Step 2: Learn How to Calculate a Sample Car Loan

Here’s an example of how the math on your auto loan is done:

If you take out a $15,000 auto loan from your credit union with a 7.5% APR to be repaid over four years, you will owe $362.69 every month. Over a year, those payments would total $4,352,28. Over the life of the loan, you’ll end up paying $17,409.12. That’s $2,409.12 in interest over the life of the loan.

While the terms of the loan will vary according to your lender, your down payment, and your credit history (among other factors), it’s important to go into any loan knowing that you will pay significantly more than the price of the car. You also need to plan the interest costs into your budget, or the car might not wind up in your hands for very long.

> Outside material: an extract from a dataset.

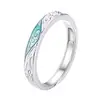 Anillo de Pareja Serpiente Espiritual Bingyu un Par de Anillos de Pareja para Hombre y Mujer Diseño de Nicho Anillo de Alta Gama para Novia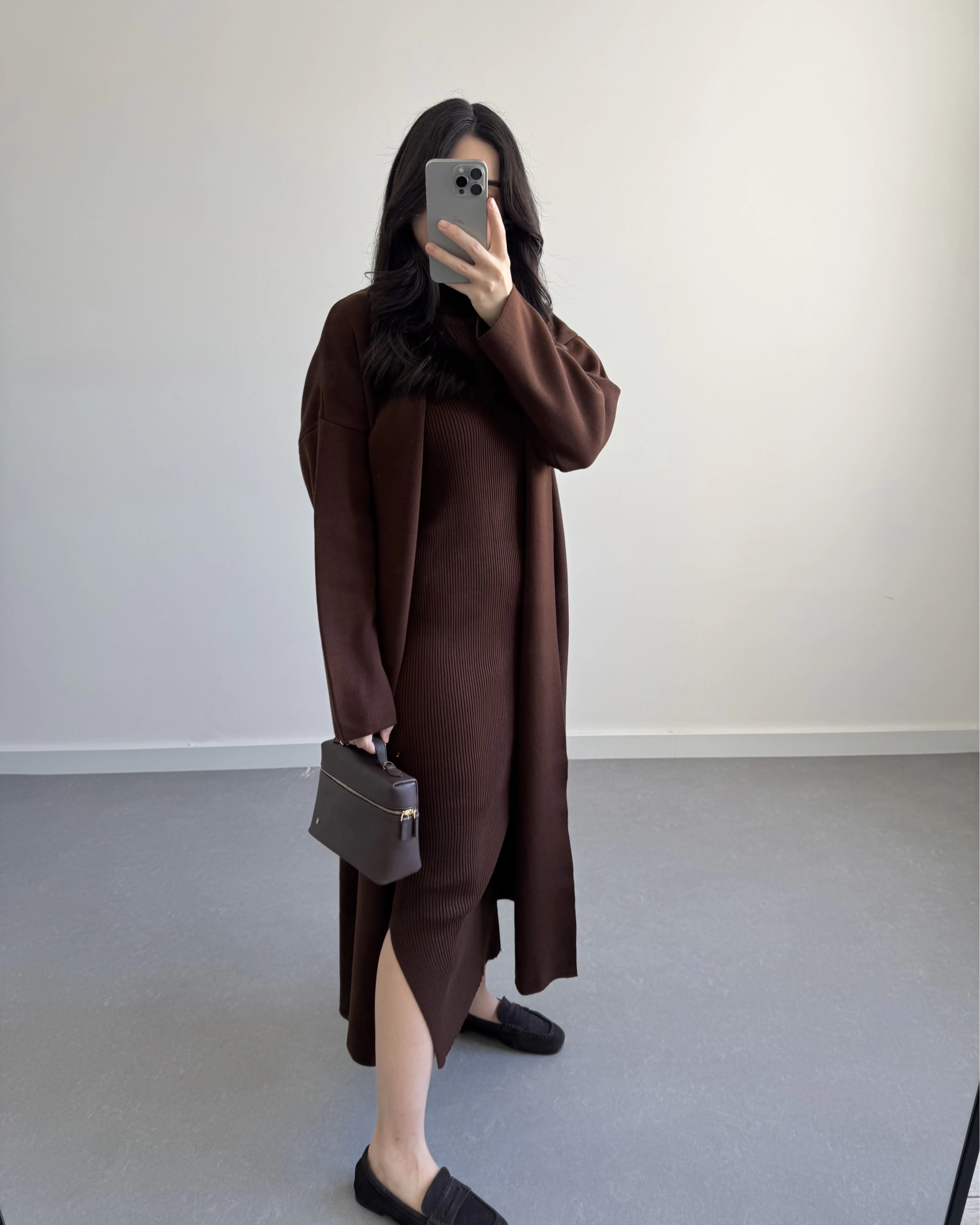 KAHVE BALIKÇI YAKA 2’Lİ TRİKO TAKIM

Step 3: Compare Bank and Credit Union Interest Rates

Obtain car loan quotes from a variety of sources. You can look online, at local banks and at credit unions. Online finance websites allow you to compare auto loan interest rates across several banks in your city at once.

Once you’ve settled on a bank or credit union to finance your car purchase, figure out the loan’s terms in complete detail and the interest rate and the life of the loan. It’s a good idea to check the packages at a few different banks. Even though one puts together what appears to be a very competitive package, you don’t have to sign on the dotted line just yet, and a professional banker shouldn’t push, knowing that a responsible customer will want to shop around.

After you discover the best offer, get pre-qualified for a loan. This process allows you to have an establish loan rate and the size of loan that a bank, credit union or other financial institution is willing to offer you. At some institutions, you may be given a bank check that can be filled out with the car price you negotiate with a dealer. Having this check puts you in the driver’s seat and allows you to negotiate better when you go to purchase your car and can select the most competitive offer.

Step 4: Evaluate the Dealership’s Financing Offer

Having already secured financing from a lender other than your dealer puts you in a powerful position. It shows that you are a serious buyer and a financially literate customer, and it allows you to compare your dealer’s best financing offer against your pre-qualified offer. Before negotiating for a rate, be sure to establish the price of your desired vehicle first. Some dealerships can try to negotiate based on monthly rate offers. This negotiating tactic can be confusing and can make it hard to really compare offers. Insist to negotiate on the actual “walk out the door” price of the vehicle.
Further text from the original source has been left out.